Not So Fast with Renewed NSR Enforcement: Power Plants Win a Routine Maintenance Case

Last week, Judge Thomas Varlan handed the power plant sector a major win in the NSR enforcement arena, ruling that economizer and superheater replacement projects in 1988 at the TVA Bull Run plant were routine maintenance not subject to NSR/PSD regulations. Judge Varlan ruled for the TVA notwithstanding that:

The projects cost millions of dollars (but less than $10M each)

They extended the life of the plant by 20 years

The costs were identified as capital, not maintenance, expenses

The projects were more extensive than other economizer/superheater projects that had previously been implemented at the Bull Run facility

Why did the Court rule for the TVA?

Although expensive, the projects’ costs were consistent with a wide range of maintenance projects conducted at Bull Run during the time frame

These projects were routine in the industry, even if not commonly performed more than once at individual facilities

Life extension, while a result of the projects, was not their primary purpose

If this decision is upheld on appeal, it will significantly weaken EPA and citizen NSR/PSD enforcement efforts in the power plant sector – at least in the Sixth Circuit, where there are a lot of coal-fired power plants.

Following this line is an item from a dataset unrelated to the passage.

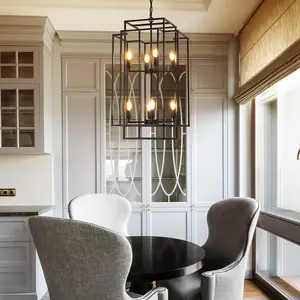Matte Black Open-Frame Lantern Chandelier, Rustic Farmhouse Hanging Lamp for Entryway & High Ceilings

Whether the decision is right or wrong – and neither reversal nor affirmance by the Sixth Circuit would surprise me – I’d like to take this opportunity to get on my soapbox about the NSR program as a whole. Why are we fighting about whether projects implemented 22 years ago were routine maintenance? Wouldn’t it make more sense to rely on trading programs that are proven to work cost-effectively to reduce emissions than to try to figure out whether replacement of a superheater provides sufficient leverage to require a power plant to install a scrubber or SCR?